The Church of Scotland's General Assembly has "overwhelmingly" backed the case for remaining in the European Union.
The vote at the Kirk's annual gathering in Edinburgh came a month before the UK referendum on EU membership takes place.
The Kirk said the motion to remain was carried with a clear majority stamping their feet at the Assembly Hall on the Mound.
Tuesday's vote represented the fifth time in the last 20 years that the Assembly has formally supported ongoing membership of the EU.
During a short debate, commissioners heard a range of voices recognising the European Union's successes.
Rev Aniko Schuetz Bradwell, a minister in East Lothian, said she had grown up in East Germany close by the wall until it was torn down when she was seven.
"We have a choice now and I hope we will choose to build bridges, not to erect another wall," she said.
But Rev Dr Karen Fenwick, a minister in Angus, registered her objection to the Church appearing to tell people how to vote.
"We are not a political party or a trade union. I think the Scottish public are quite capable of knowing we support the EU without us telling them what to do."
Church and Society Convener Rev Sally Foster Fulton welcomed the Assembly's continued backing for EU membership.
She said: "We are saying as a Church that much has been gained by being a part of the European Union, and we believe there is a great deal we can do in the future as an integral part of Europe.

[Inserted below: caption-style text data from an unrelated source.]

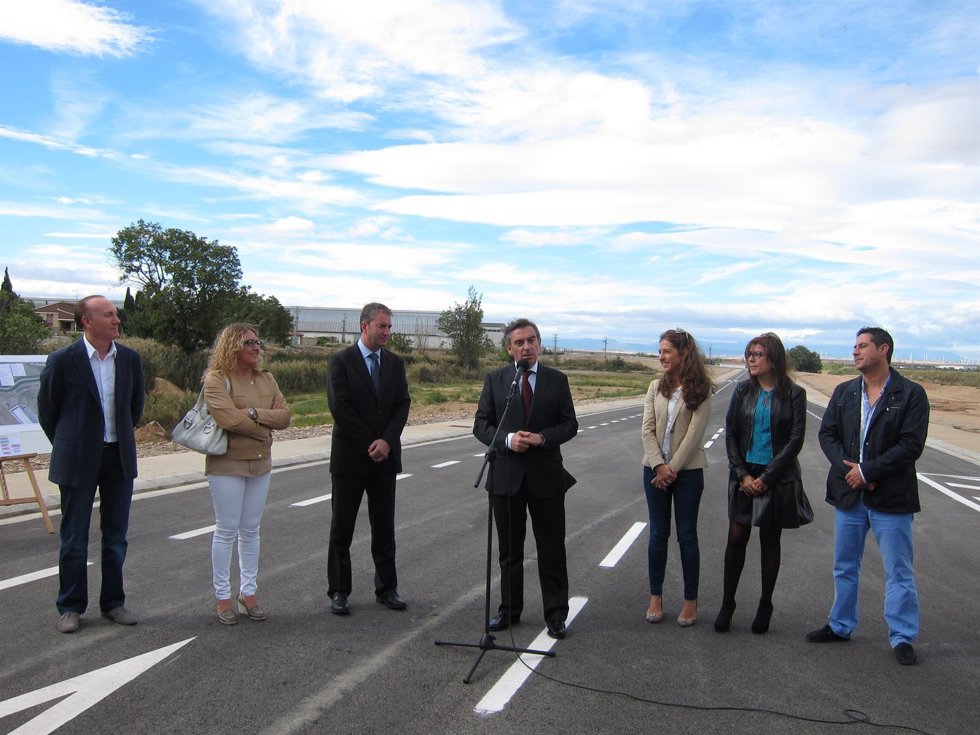 Beamonte ha asistido a la inauguración del Vial Norte de Figueruelas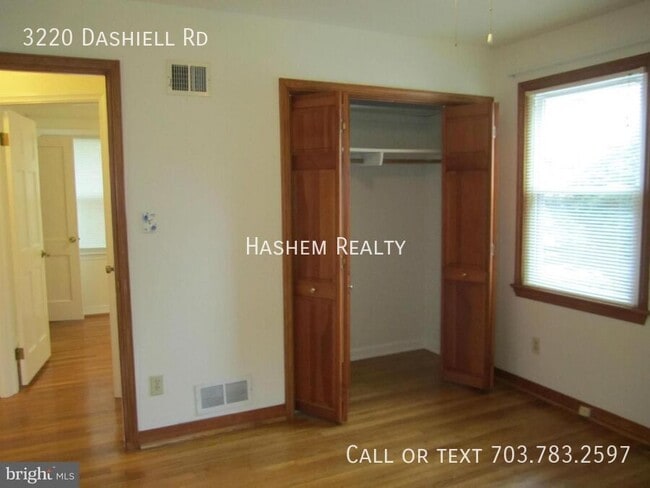 Building Photo - 3220 Dashiell Rd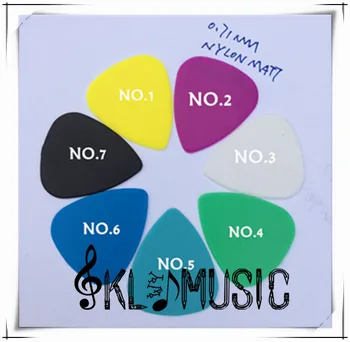 

1000pcs plain plastic picks, mixed color nylon guitar picks, 0.71mm or 1.0mm gauge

"We recognise it is not perfect, but the EU is a work in progress and not the finished product. The only way we can continue to be part of the transformation is to remain within it."
A spokesman for Scotland Stronger In Europe said: "This is a very welcome vote. The European Union has been and remains a force for good in our continent and the wider world, and we hope people will endorse that position in the referendum.
"A vote to Remain - whether it be for economic, social protection or environmental reasons, or for strengthening our alliances with our closest neighbours - is a vote for hope for future generations."
The motion carried by an overwhelming majority of 730 Commissioners gave thanks for the work of the European Union in promoting peace, security and reconciliation amongst European nations, noted that the UK has been part of the European Union since 1973 and believed that the UK should remain in the EU.